'''

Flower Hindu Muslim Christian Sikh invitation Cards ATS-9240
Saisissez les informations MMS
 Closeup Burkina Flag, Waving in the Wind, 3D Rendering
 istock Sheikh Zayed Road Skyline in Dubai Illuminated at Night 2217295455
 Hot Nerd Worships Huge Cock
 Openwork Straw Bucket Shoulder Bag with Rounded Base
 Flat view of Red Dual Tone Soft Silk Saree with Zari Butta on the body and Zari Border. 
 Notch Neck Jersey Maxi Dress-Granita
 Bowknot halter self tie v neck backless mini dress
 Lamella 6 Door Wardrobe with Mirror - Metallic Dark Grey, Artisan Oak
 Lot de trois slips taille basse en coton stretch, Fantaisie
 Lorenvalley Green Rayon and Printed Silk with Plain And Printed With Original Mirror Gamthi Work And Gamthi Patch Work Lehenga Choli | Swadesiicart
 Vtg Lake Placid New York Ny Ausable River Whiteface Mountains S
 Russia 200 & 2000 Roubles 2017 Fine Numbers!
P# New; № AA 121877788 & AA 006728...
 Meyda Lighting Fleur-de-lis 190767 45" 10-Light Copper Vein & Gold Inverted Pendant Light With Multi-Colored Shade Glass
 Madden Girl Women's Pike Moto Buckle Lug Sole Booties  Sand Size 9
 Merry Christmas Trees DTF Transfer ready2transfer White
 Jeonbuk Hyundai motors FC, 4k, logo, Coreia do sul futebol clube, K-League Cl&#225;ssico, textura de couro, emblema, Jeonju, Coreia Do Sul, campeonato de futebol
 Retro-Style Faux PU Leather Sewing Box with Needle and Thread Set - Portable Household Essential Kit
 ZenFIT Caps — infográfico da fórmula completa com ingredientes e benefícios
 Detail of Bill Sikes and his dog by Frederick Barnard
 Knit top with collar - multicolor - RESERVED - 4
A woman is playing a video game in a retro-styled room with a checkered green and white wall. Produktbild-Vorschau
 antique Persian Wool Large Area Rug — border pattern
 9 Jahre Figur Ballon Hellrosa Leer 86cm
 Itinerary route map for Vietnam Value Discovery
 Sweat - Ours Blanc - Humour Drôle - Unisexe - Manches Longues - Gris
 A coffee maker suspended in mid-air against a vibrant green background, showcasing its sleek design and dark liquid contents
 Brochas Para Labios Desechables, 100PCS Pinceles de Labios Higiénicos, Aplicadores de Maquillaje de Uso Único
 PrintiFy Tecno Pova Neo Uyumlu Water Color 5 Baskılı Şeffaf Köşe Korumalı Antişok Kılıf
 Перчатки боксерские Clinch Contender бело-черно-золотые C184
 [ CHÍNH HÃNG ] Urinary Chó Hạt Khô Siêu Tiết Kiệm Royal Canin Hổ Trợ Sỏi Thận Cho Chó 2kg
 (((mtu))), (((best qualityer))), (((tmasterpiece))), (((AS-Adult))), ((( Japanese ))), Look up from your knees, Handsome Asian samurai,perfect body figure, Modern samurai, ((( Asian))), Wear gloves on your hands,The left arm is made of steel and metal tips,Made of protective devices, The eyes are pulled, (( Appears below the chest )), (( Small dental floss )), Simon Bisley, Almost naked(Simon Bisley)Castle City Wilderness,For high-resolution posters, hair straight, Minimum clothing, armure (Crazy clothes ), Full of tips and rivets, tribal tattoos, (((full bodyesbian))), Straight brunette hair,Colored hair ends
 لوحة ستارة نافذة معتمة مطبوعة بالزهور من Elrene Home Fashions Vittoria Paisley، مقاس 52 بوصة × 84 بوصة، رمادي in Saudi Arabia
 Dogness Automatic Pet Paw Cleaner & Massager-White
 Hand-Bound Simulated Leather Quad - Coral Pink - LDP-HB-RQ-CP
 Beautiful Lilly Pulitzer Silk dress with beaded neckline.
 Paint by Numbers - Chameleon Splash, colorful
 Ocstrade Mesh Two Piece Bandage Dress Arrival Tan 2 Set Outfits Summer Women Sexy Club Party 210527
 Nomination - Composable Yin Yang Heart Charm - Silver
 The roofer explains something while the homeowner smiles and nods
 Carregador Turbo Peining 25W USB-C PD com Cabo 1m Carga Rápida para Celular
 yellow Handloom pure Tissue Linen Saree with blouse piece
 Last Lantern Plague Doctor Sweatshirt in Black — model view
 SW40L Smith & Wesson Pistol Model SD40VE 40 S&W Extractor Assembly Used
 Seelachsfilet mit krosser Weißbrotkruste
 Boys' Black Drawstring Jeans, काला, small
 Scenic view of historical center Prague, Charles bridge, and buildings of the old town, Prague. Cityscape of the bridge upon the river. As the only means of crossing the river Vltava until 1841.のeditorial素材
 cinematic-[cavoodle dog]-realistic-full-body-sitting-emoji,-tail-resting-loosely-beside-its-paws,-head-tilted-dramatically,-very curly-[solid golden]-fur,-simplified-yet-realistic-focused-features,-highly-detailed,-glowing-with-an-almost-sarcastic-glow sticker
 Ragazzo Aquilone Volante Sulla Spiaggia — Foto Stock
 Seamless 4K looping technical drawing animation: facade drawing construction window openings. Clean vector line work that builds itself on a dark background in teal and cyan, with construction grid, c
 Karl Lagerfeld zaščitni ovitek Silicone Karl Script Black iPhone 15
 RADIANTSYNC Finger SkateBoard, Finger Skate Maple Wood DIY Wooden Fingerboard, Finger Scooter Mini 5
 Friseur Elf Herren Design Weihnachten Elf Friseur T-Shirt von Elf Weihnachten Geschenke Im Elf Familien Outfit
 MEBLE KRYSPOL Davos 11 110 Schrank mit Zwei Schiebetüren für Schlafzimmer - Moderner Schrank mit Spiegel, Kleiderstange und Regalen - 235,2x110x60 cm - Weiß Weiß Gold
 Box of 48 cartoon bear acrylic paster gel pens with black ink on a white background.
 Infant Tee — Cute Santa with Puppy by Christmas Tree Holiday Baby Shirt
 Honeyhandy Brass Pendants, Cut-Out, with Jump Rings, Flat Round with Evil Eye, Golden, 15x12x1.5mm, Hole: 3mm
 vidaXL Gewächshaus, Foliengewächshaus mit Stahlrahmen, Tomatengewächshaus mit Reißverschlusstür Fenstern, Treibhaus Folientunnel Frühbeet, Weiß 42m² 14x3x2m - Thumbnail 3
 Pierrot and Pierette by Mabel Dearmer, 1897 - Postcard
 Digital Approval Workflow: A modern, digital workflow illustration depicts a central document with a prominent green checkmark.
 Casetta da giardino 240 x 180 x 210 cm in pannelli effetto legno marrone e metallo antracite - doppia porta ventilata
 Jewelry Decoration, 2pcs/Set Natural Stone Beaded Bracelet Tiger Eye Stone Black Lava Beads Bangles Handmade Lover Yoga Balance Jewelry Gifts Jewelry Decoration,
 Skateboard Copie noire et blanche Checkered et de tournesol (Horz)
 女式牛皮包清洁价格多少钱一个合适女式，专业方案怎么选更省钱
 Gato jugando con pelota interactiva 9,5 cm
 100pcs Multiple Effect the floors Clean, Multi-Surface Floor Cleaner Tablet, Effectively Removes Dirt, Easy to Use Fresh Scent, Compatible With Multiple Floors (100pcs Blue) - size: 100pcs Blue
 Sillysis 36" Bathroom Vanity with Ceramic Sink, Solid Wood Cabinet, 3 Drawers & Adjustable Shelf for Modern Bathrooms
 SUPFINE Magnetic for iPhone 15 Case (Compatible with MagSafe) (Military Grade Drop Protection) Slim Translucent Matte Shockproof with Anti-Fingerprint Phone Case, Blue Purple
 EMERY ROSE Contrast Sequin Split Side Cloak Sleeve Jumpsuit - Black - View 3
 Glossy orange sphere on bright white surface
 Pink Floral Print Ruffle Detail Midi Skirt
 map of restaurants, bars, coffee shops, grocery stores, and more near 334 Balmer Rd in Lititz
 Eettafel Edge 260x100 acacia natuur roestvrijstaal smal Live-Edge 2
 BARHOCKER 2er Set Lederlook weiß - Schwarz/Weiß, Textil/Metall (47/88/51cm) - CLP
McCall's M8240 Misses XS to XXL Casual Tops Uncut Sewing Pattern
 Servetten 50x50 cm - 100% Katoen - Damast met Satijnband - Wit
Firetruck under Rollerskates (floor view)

'''

Directions for this task. Copy out each line of the records above that includes "Blue".

Your solution.
 100pcs Multiple Effect the floors Clean, Multi-Surface Floor Cleaner Tablet, Effectively Removes Dirt, Easy to Use Fresh Scent, Compatible With Multiple Floors (100pcs Blue) - size: 100pcs Blue
 SUPFINE Magnetic for iPhone 15 Case (Compatible with MagSafe) (Military Grade Drop Protection) Slim Translucent Matte Shockproof with Anti-Fingerprint Phone Case, Blue Purple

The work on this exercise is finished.